While the present study highlighted meaningful predictors of self-rated service needs in WTC responders, further research is needed to: 1) examine perceived needs and preferences for mental health care in this cohort using more detailed descriptions of possible services; 2) evaluate whether targeted, population-based outreach efforts may help engage WTC responders in mental health treatment; and 3) identify predisposing, enabling, and need-based factors associated with actual engagement in mental health services in this population. Preferences for more “novel” services that may address concrete barriers to care, such as delivery of care via telemental health platforms, which are widely utilized in veteran settings (Chen et al., 2019; Godleski, Darkins, & Peters, 2012), have not yet been evaluated in WTC responders. All of these areas for future investigation have the potential to ease the well-documented mental health burden of WTC responders, many of whom now also experience growing medical needs, such as increasing rates of cancers associated with WTC exposure (Singh et al., 2018), as well as cognitive impairment (Clouston et al., 2019).
Funding:
This study was supported by the Centers for Disease Control and Prevention/National Institute for Occupational Safety and Health (research contract 200-2011-41919 and 200-2017-93325). Its contents are solely the responsibility of the authors and do not necessarily represent the official views of CDC/NIOSH. This funding source had no role in study design; in the collection, analysis and interpretation of data; in the writing of the report; or in the decision to submit the paper for publication.
Footnotes
Ethics Statement
All procedures performed in studies involving human participants were in accordance with the ethical standards of the institutional and/or national research committee (Mount Sinai Program for the Protection of Human Subjects, HS#: 11–01635) and with the 1964 Helsinki declaration and its later amendments or comparable ethical standards.

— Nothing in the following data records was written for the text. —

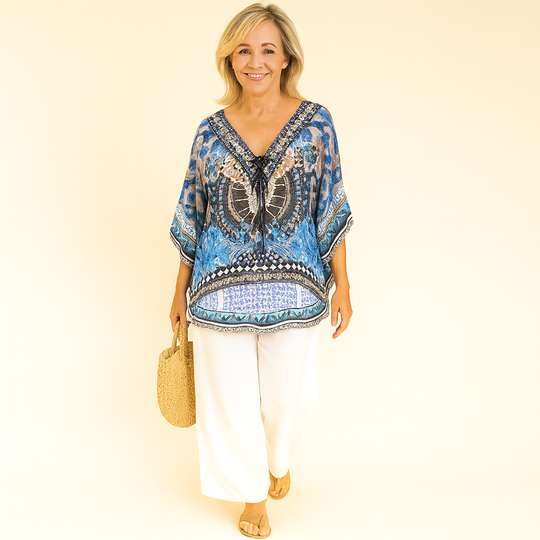 Kyra Viscose Silk Tunic Top kaftan AU 8-14-Petite Fit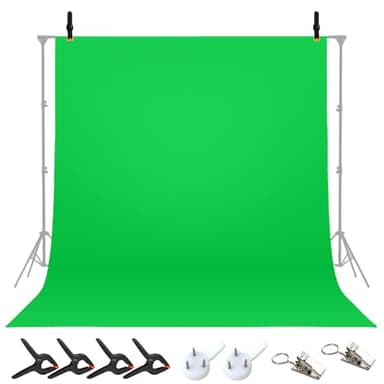 Écran vert de 2 x 3 m avec 4 pinces à coller, toile de fond pliable, fond d'écran vert, fond de studio photo pour le streaming, le jeu, la photographie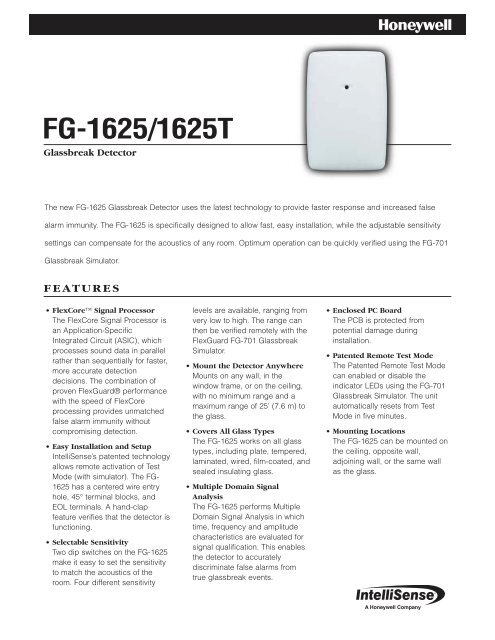 FG-1625/1625T, Data Sheet - Intella-Home Inc.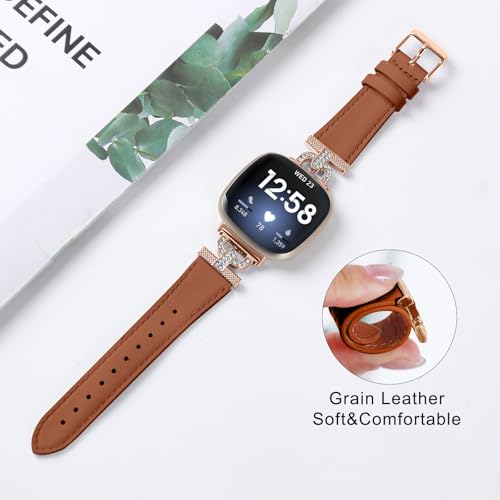 Luxe Leather Bands Compatible With Fitbit Versa 4/Versa 3/Sense 2/Sense Bands For Women D-shaped Bling Metal Buckle Replacement Straps.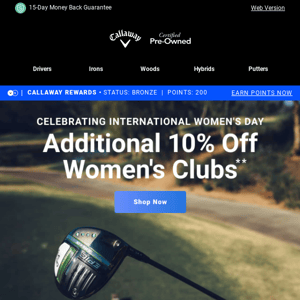 Celebrate Women | Last Chance For 10% Off Women's Clubs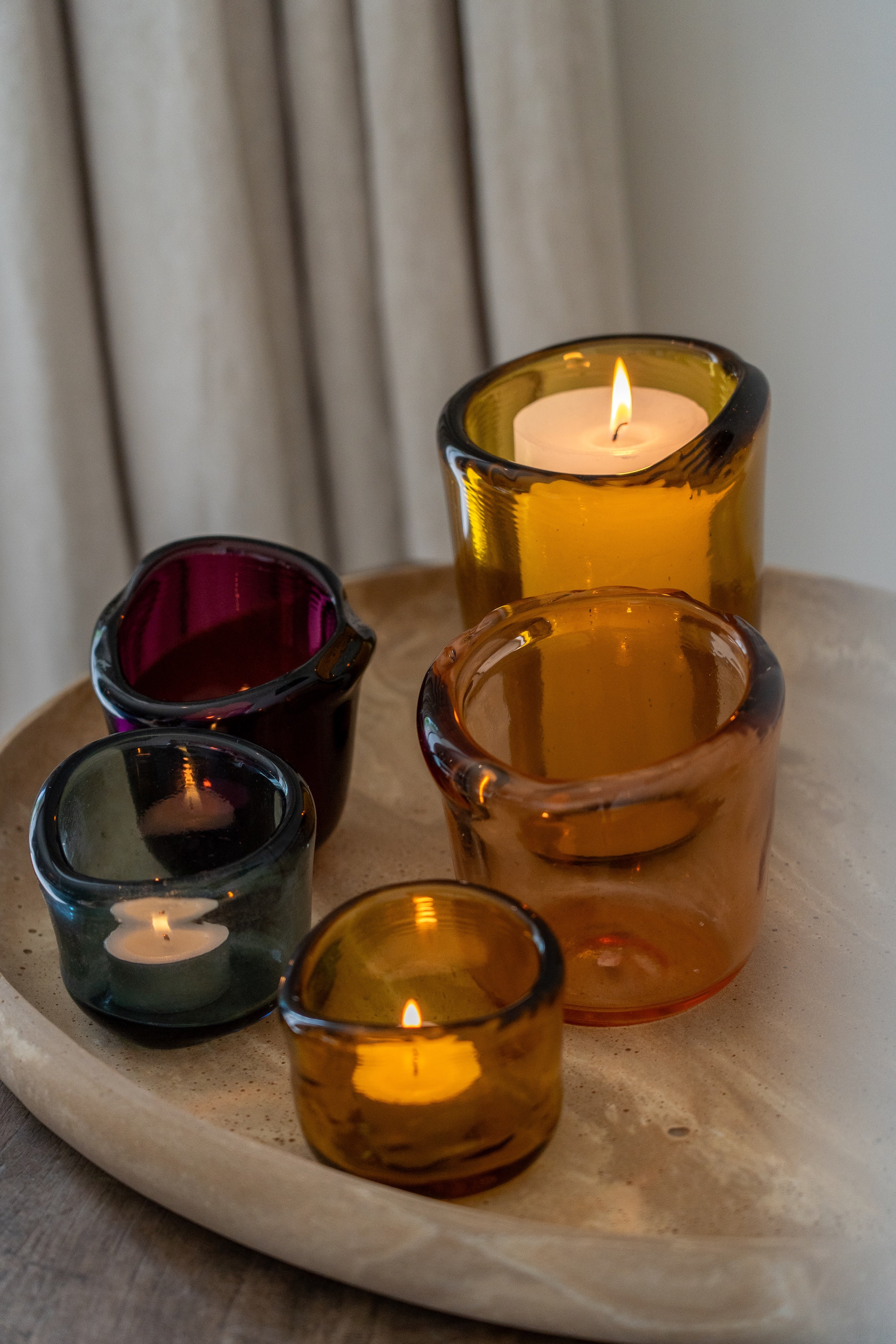 Lava glass candleholder Peach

Conflict of Interest: Dr. Feder (co-inventor) and Mount Sinai have been named on a use patent application of ketamine for the treatment of posttraumatic stress disorder; patent is currently pending. Dr. Schechter has received consulting fees from Accolade, Inc., for analysis of claims data in evaluation of the effectiveness of their services and for technical support provided to in-house statistical staff. Dr. Pietrzak is a scientific consultant to CogState Ltd. Drs. DePierro, Crane, Harrison, Luft, Moline, and Southwick and Ms. Diab, Ms. Schaffer and Mr. Cancelmo report no competing interests.